• What is being asked
Both the line below containing "Kodak E1040 ADF-scanner" and the line containing "3178 Hillview Ct #1 - Photo 2 of 29", along with every line between them, should be repeated exactly; no other line belongs in the answer.

BEGIN Data to examine

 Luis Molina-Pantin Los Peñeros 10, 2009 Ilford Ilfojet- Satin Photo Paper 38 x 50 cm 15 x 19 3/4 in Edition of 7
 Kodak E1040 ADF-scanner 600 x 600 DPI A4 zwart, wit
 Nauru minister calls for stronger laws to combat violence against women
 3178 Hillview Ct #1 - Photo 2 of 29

END Data to examine
BEGIN Data to examine

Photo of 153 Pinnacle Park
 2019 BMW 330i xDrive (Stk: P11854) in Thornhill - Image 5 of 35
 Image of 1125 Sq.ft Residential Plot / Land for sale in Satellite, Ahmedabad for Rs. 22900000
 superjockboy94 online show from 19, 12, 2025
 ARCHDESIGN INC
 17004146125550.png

END Data to examine

• Response to this exercise
 Kodak E1040 ADF-scanner 600 x 600 DPI A4 zwart, wit
 Nauru minister calls for stronger laws to combat violence against women
 3178 Hillview Ct #1 - Photo 2 of 29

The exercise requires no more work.